Se la politica facesse il test sul tasso di onestà e buona amministrazione

LA REPUBBLICA PALERMO - GIOVEDÌ, 02 AGOSTO 2007
Pagina I
LA POLEMICA
E se facessero il test sul tasso di onestà?
FRANCESCO PALAZZO




Eravamo sicuri che la politica siciliana, con qualche timido distinguo, si sarebbe accodata al controllo antidoping per gli eletti. Gli strali che provengono, più da destra che da sinistra, contro l´uso di droghe e sulla negativa influenza che esse possono avere nell´azione politica, sono encomiabili. In effetti, da tempo sospettavamo che il popolo siciliano sentisse come impellente la necessità di sapere quanti dei loro rappresentanti fanno uso di droghe e, se possibile, anche le loro abitudini sessuali e il conseguente ménage familiare. E poi, perché fermarsi a questo? Anche il tasso alcolico potrebbe costituire ostacolo a una sana e corretta azione politica. Quindi, che so, prima di entrare a Palazzo delle Aquile o all´Assemblea regionale si potrebbe sottoporre tutti alla prova del palloncino. In modo da verificare lo stato d´ebbrezza o la totale astemia di quanti si apprestano a mettersi al volante della macchina politica. Chi risulterà pulito e in regola su tutti questi fronti sarà senz´altro in grado di rappresentare degnamente il popolo siciliano. Il quale si sentirà molto più sicuro, avendo la certezza di essere guidato da simili rappresentanti, i quali, lontani dai fumi dell´alcol, distanti anni luce da cocaina e simili, con famiglie ufficialmente sane, stile Mulino bianco, sapranno legiferare e mettere in atto tutte le azioni di governo utili per fare finalmente migliorare questa terra. Che stiamo parlando d´aria fritta non c´è bisogno di sottolinearlo. Ma è proprio perché si parla del nulla, senza alcun rischio vero per nessuno, che si registra questa sorta di campagna moralistica contro i "vizi" dell´umanità. Ben altre reazioni, ovviamente, ci sarebbero se ci si proponesse di verificare il tasso reale, vissuto esistenzialmente e politicamente, non quello parlato, di antimafiosità. Difatti ancora oggi, così come nel passato recente e remoto, accade che di fronte a quadri politici più che imbarazzanti, che talvolta diventano anche gravi configurazioni giudiziarie o condanne definitive, si gridi al garantismo a squarciagola quando si vorrebbe impedire ad alcuni di entrare dentro le istituzioni o si pretenderebbe che taluni ne uscissero perché impresentabili. In questi casi la campagna inquisitoria, che vorrebbe combattere i vizi e i peccati privati, miseramente svanisce di fronte a colpe che hanno pesantissime rilevanze pubbliche.
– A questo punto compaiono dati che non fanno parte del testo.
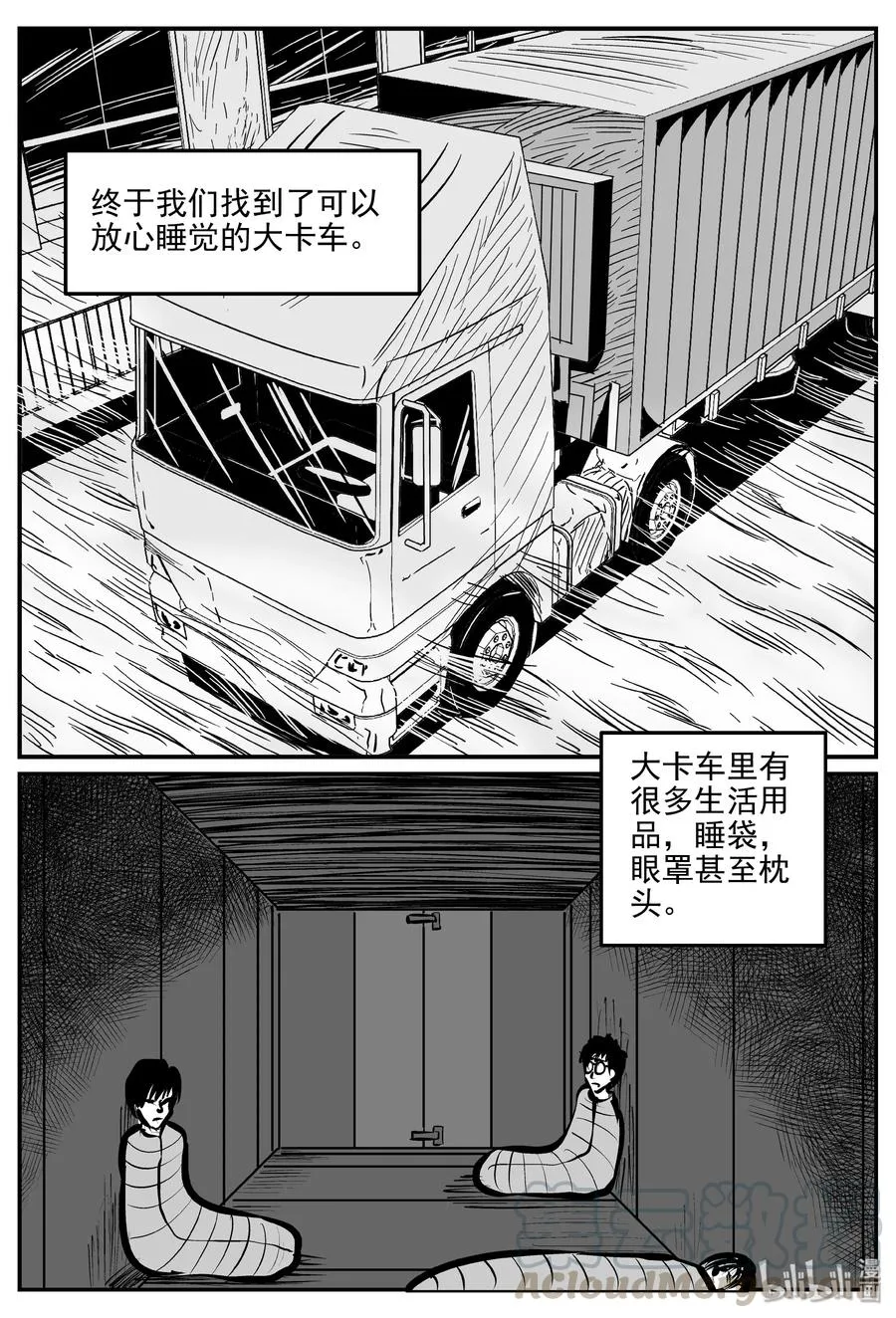 344 石炭纪断层（5）1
In futuro potrà quindi capitare che un deputato regionale, un sindaco, un assessore, un consigliere comunale, un presidente della Regione, siano messi alla berlina per qualche spinello o per notturni incontri amorosi fuori dai canoni. Mentre invece, facile previsione, continuerà a non accadere niente se i soggetti di prima si impegneranno in non casuali e accertate frequentazioni con gente al di sotto di ogni sospetto. Ancora più complicato sarebbe un altro tipo di controllo, ossia quello sulla buona o cattiva amministrazione. Il nero diventa bianco sovente in quest´ambito, soprattutto in campagna elettorale, quando si deve dare conto di quanto già fatto e si deve prospettare quanto si vorrà fare. Dopo le elezioni tutto sfugge e torna a farsi impalpabile, proprio come la cattiva aria che respiriamo a Palermo. Che ha il pregio, rispetto agli stupefacenti, di essere smerciata gratuitamente per tutti e di avere quasi lo stesso effetto. Non ci illudiamo, quindi. In Sicilia non troveremo, sull´antimafia non di facciata e sulle capacità amministrative, cioè su quegli aspetti della vita associata che veramente interessano i cittadini, folle di classe dirigente disposte ad afferrare la scimitarra di serrati e seri controlli, come oggi si vuole fare per questioni che attengono solo ed esclusivamente alla sfera personale e intima del singolo. Per parte nostra continueremo senz´altro a preferire un politico magari un po´ vizioso, ma onesto e preparato, a uno apparentemente virtuoso ma disonesto o mafioso.